Stream: wasm

Topic: WebAssembly workshop talk on correctness+security


view this post on Zulip Chris Fallin (Jan 21 2025 at 06:49):

I just gave a talk today at the WebAssembly Workshop (WAW 2025) at POPL on correctness efforts in Wasmtime+Cranelift (and a tiny bit about how weval can also be seen as a correctness effort). The recording is here if anyone is interested in watching; I'll post slides later as well.

(That's a timestamped link at 40m53s into the whole day workshop recording, which has a bunch of other interesting talks I'd recommend watching too -- full program here)

WebAssembly is a general-purpose low-level virtual machine. It was the first programming language to be introduced to the Web since JavaScript, and has since been adopted in many other environments, such as edge and cloud computing, mobile computing, blockchains, and embedded systems. Unusually for an industrial language, WebAssembly’s normative specification is stated fully in terms of a pen-and-paper formal semantics. In addition, multiple mechanisations of this semantics have been created and used to prove the soundness of the WebAssembly type system. The rigor of WebAssembly’s semanti ...

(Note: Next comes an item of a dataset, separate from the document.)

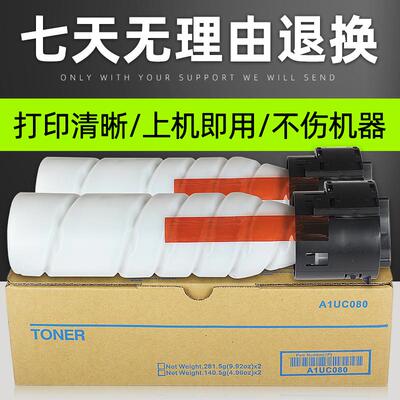 普利卡适用柯尼卡美能达TN225粉盒306i墨粉盒Bizhub 266i 246i 22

view this post on Zulip Robin Freyler (Jan 21 2025 at 13:34):

Great talk and very interesting topic!
One thing that confused me a bit was here: YouTube - - YouTube
You spoke about how important is linear time verifiability because one would not want a Wasm module to load in quadratic time or worse. However, from what I know (and I might very well be wrong) is that Wasm validation (part of loading) already is quadratic since multi-value Wasm was enabled.
E.g. checking the type of stack manipulating control flow and calls is non-linear with multi-value Wasm. At least in all implementations I know it is quadratic in the worst-case.

view this post on Zulip Chris Fallin (Jan 21 2025 at 16:24):

@Robin Freyler good question! I actually was not aware of quadratic complexity of multi-value validation, though I can see how that could be the case with a particular implementation (linear-time equality on signature rather than constant interned signature ID). I believe wasmparser should be able to do the check in constant time (so linear-time validation overall) because it has an interned ID for the block type (here) rather than an explicit list of params/results. @Alex Crichton could confirm for sure that the implementation is as I suspect...

I'll note in the talk though that I was coming from the Wasm standards angle, where the spec has definitely been careful to ensure linear-time validation is possible, and that's a topic that comes up from time to time in discussion of extensions. Cranelift overall is definitely not a linear-time compiler but with a validator it's a desirable property not to add new superlinear blowups, which was my main point :-)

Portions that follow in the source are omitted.